Diving into the critical role of protein for mid-life and older men and women, especially those aiming to shed body fat and bolster muscle and bone strength, is like exploring a crucial piece of a puzzle for their overall health. Protein isn’t just a building block for muscles; it’s the foundation of a well-rounded diet that fuels metabolic processes, repairs tissues, and supports bone health.

Role of Protein

Here’s a sample of important functions of protein:

  1. Muscle Maintenance and Growth: As we age, we naturally start to lose muscle mass, a condition known as sarcopenia. Your body begins gradually losing muscle starting around the age of 30, speeding up especially for those not actively engaging in resistance training. This loss accelerates significantly during menopause. Protein steps in as the critical resource for helping to maintain or grow muscle. It provides the amino acids necessary to repair and grow muscle fibers, especially after exercises like weight lifting or strength training. For mid-life women and older adults who might be fighting muscle loss, a protein-rich diet can help keep the muscles strong and functional.
  2. Bone Health: It’s not all about the muscles; bones are in the conversation too. Protein plays a supporting role in bone maintenance by aiding in the absorption of calcium and promoting bone formation and strength. Think of it as the scaffolding that helps keep the bone structure resilient against fractures, which becomes increasingly important as we age and the risk for osteoporosis climbs. Bone loss is again accelerated in women during menopause, but can affect everyone.
  3. Fat Loss: Here’s where protein truly shines for those looking to lose that stubborn menopause belly fat. Protein is satiating, meaning it keeps you feeling full longer. This can naturally lead to eating fewer calories without the battle of hunger pangs. Plus, the body expends more energy (burns more calories) digesting protein compared to fats and carbohydrates. It’s like revving up your metabolism. This increased calorie burn can help in shedding body fat when combined with a slight caloric deficit.
  4. Metabolic Health: A diet high in quality protein can also help stabilize blood sugar levels. By slowing the absorption of sugar during meals, protein helps prevent spikes in blood glucose, which can be particularly beneficial for anyone experiencing insulin sensitivity. This is one of many issues that arise for mid-life women during and after menopause.

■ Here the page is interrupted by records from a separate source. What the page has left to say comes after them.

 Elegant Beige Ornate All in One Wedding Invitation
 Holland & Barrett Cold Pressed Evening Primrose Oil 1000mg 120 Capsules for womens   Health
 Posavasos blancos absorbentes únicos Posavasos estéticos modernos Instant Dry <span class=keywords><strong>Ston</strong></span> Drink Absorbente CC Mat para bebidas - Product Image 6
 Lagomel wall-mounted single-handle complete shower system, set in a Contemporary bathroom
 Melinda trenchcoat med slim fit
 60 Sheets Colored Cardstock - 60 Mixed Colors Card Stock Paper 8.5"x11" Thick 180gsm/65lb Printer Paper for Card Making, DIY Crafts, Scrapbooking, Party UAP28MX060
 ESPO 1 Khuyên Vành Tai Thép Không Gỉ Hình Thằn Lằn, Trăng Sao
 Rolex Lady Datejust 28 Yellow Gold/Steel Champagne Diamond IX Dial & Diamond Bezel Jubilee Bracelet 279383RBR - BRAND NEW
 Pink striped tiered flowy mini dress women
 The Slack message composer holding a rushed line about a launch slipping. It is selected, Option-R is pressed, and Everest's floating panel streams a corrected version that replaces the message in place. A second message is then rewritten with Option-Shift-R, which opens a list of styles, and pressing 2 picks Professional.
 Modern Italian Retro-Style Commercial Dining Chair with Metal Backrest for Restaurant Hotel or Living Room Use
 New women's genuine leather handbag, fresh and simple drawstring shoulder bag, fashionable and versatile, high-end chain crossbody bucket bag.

Sources of Dietary Protein

For mid-life and older adults aiming to support muscle and bone health, lose body fat, and maintain overall vitality, diversifying protein sources is key. Getting enough of the amino acid leucine is also important. Here’s a rundown of high-quality protein sources, covering both animal and plant-based options:

Animal-Based Protein Sources

  1. Chicken Breast: Lean and high in protein, it’s a staple for building muscle without the high fat content found in darker poultry meat.
  2. Turkey: Similar to chicken, turkey is lean and packed with high-quality protein, making it excellent for muscle maintenance.
  3. Fish: Especially fatty fish like salmon, mackerel, and sardines, which are not only high in protein but also rich in omega-3 fatty acids, beneficial for heart and brain health.
  4. Eggs: A versatile and affordable source of high-quality protein that also provides essential amino acids, vitamins, and minerals.
  5. Greek Yogurt: Packed with protein and probiotics, it’s great for muscle health and digestive wellness.
  6. Cottage Cheese: Low in fat and high in protein, it’s excellent for satiety and muscle repair.
  7. Lean Beef: Rich in protein, iron, and vitamin B12, which are crucial for energy and muscle maintenance. Opt for grass-fed varieties when possible for higher omega-3 content.

Plant-Based Protein Sources

  1. Lentils: A powerhouse of not just protein, but also fiber, iron, and folate, making them great for heart health and energy levels.
  2. Chickpeas: Versatile and packed with protein, fiber, and minerals. They can be used in salads, soups, and hummus.
  3. Quinoa: A complete protein containing all nine essential amino acids, plus it’s gluten-free and rich in fiber.
  4. Tofu and Tempeh: Made from soybeans, they’re excellent plant-based proteins that can be used in a wide range of dishes, from stir-fries to salads.
  5. Black Beans: High in protein and fiber, they’re great for digestive health and can be used in numerous dishes.
  6. Edamame: Young soybeans that are a tasty, protein-rich snack or addition to meals.
  7. Nuts and Seeds: Almonds, chia seeds, flaxseeds, and hemp seeds are not only good protein sources but also rich in healthy fats and fiber.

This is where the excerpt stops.